(What you have to do)
Your task is to write out the entire listing exactly, omitting its pictures.

(Data)
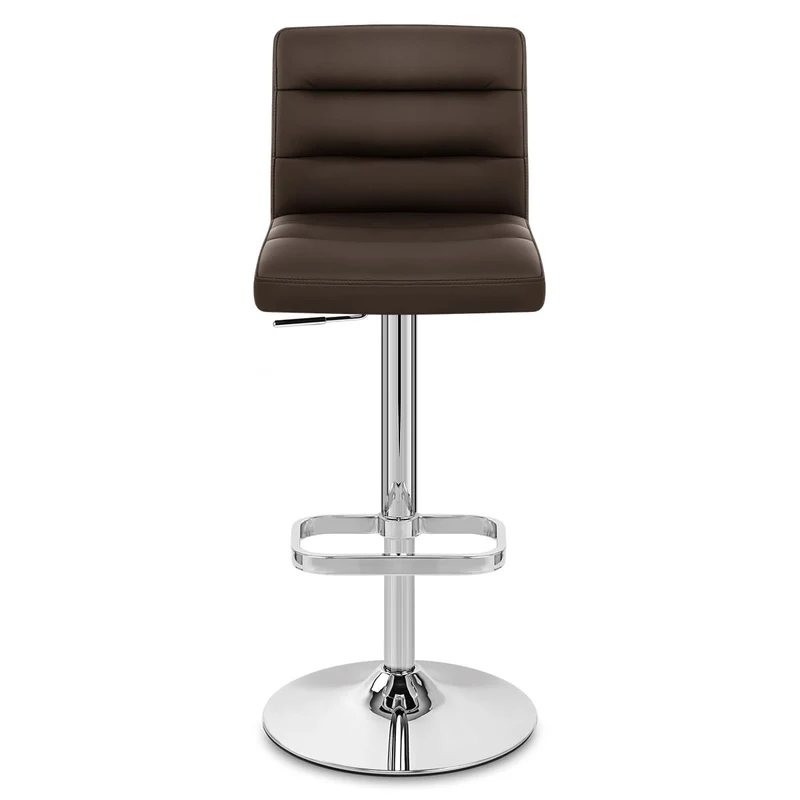 Chaise de Bar Faux Cuir Chrome - Lush Marron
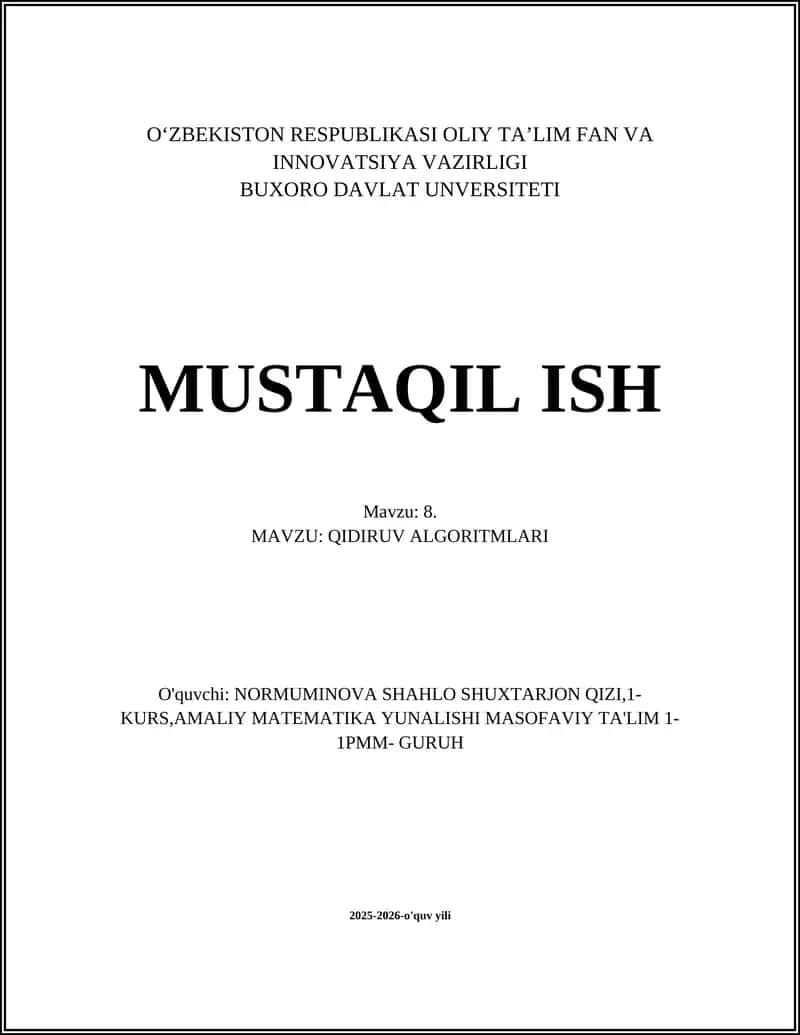 Qidiruv Algoritmalar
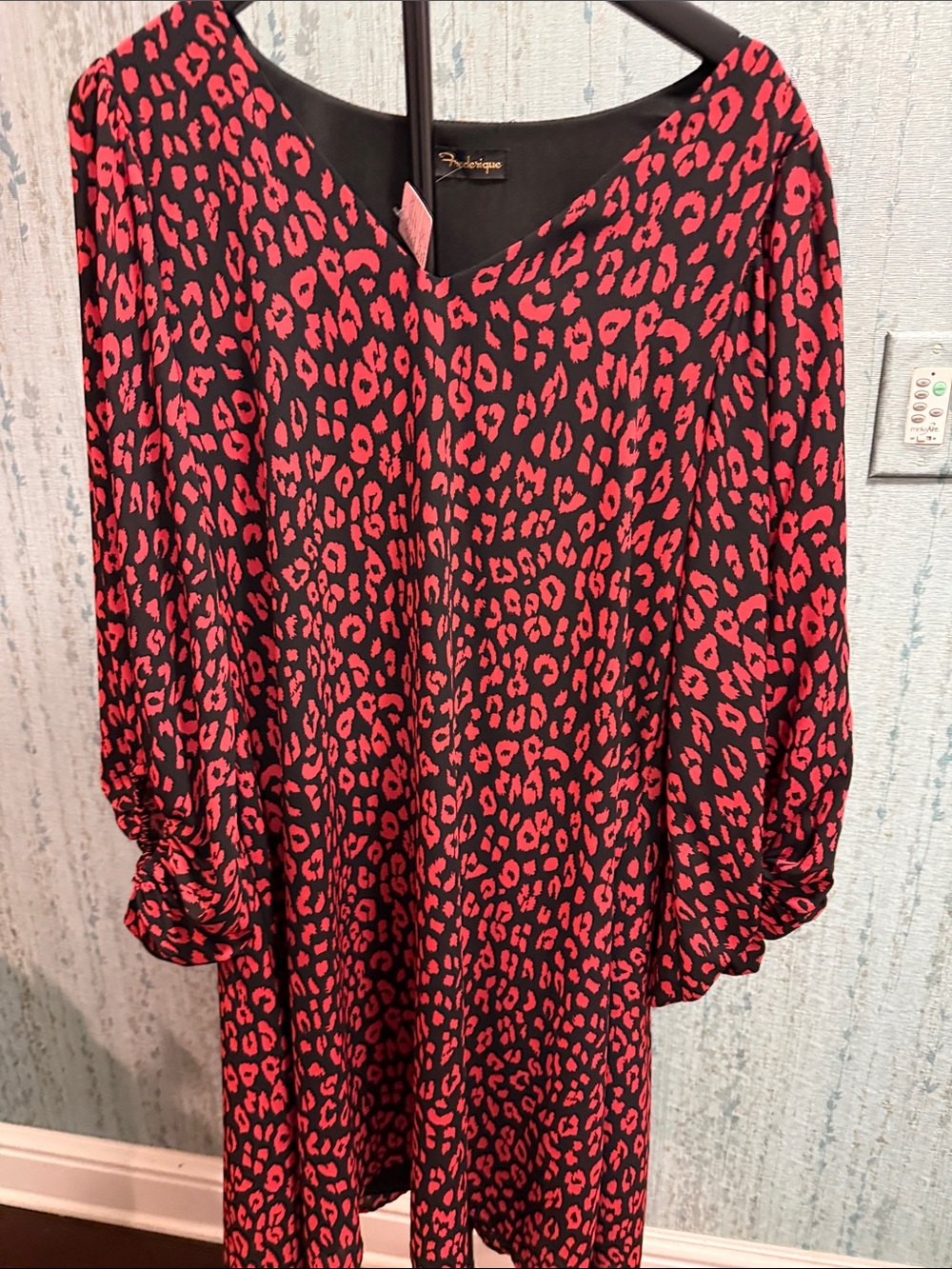 Draper James Black Tunic with Red Leopard Print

(Answer to this task)
 Chaise de Bar Faux Cuir Chrome - Lush Marron
 Qidiruv Algoritmalar
 Draper James Black Tunic with Red Leopard Print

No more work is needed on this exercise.